Un beau matin, Bocage arriva chez moi préoccupé d’une idée singulière : comme il venait de jouer un homme de trente ans, dans la personne d’Antony, il s’était fourré dans la tête qu’il ferait bien de jouer un vieillard de soixante, peu lui importait lequel. Les vieillards d’Hernani et de Marion Delorme se dressaient devant lui pendant son sommeil, le poursuivaient pendant sa veille : il voulait jouer un vieillard, fût-ce le don Diègue du Cid, le Joad d’Athalie ou le Lusignan de Zaïre.

Il avait trouvé son vieillard en nourrice chez Anicet Bourgeois ; il m’amenait le père nourricier.

Je ne connaissais pas Anicet ; nous fîmes connaissance à ce propos et à cette époque.

Anicet avait écrit le plan de Teresa. Je commençai par mettre de côté le plan écrit, et par prier Anicet de me raconter la pièce. Il y a dans le récit quelque chose de vivant qui appelle la vie. Pour moi, un plan écrit, au contraire, est un cadavre, une chose qui a vécu ; on peut la galvaniser : on ne peut pas la faire revivre.

Il y avait dans le plan d’Anicet la plus grande partie de la pièce telle qu’elle est aujourd’hui.

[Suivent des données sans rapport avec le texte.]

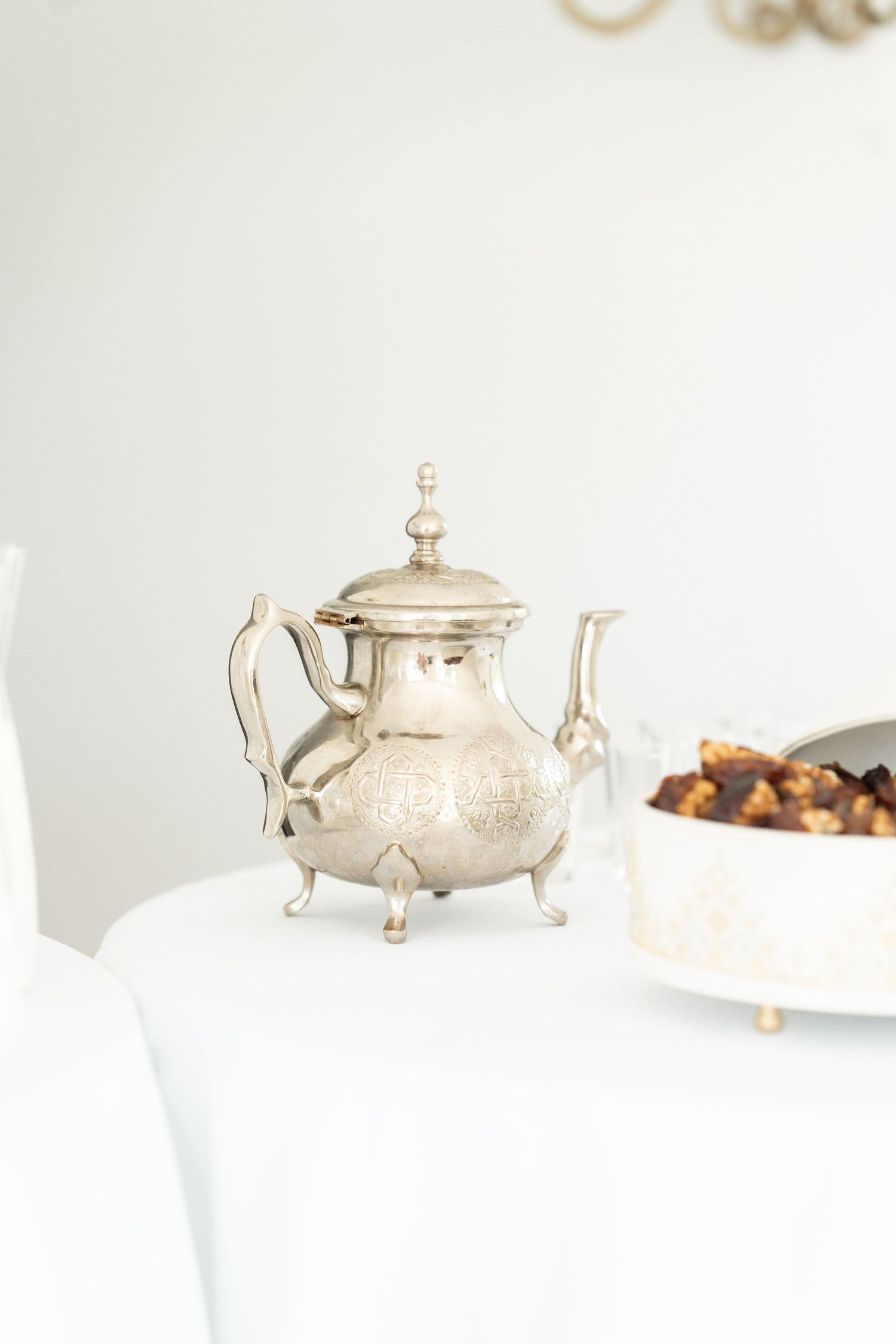Vintage silver teapot with ornate details sits elegantly on white table next to serving dish.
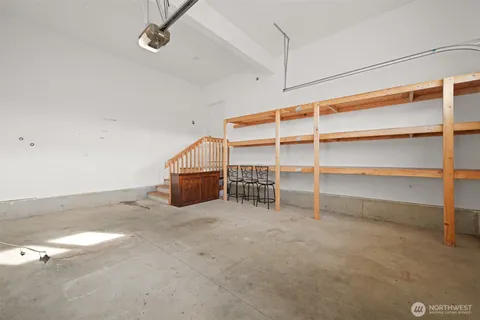 a view of an empty room with a staircase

Je sentis du premier coup deux choses dont la seconde me fit passer sur la première : c’est que je ne ferais jamais de Teresa qu’une pièce médiocre, mais que je rendrais un service à Bocage.

Et voici comment je rendrais ce service à Bocage :

Harel, ainsi que nous l’avons dit, était passé de la direction de l’Odéon à la direction du théâtre de la Porte-Saint-Martin. Il avait Frédérick, Lockroy, Ligier : Bocage lui était inutile.

Il avait donc rompu avec Bocage. Par suite de cette rupture. Bocage se trouvait libre.

Pour un artiste, la liberté n’est pas toujours un présent des dieux. Bocage tenait à garder cette liberté le moins longtemps possible, et, grâce à un drame de moi, il espérait la perdre bientôt.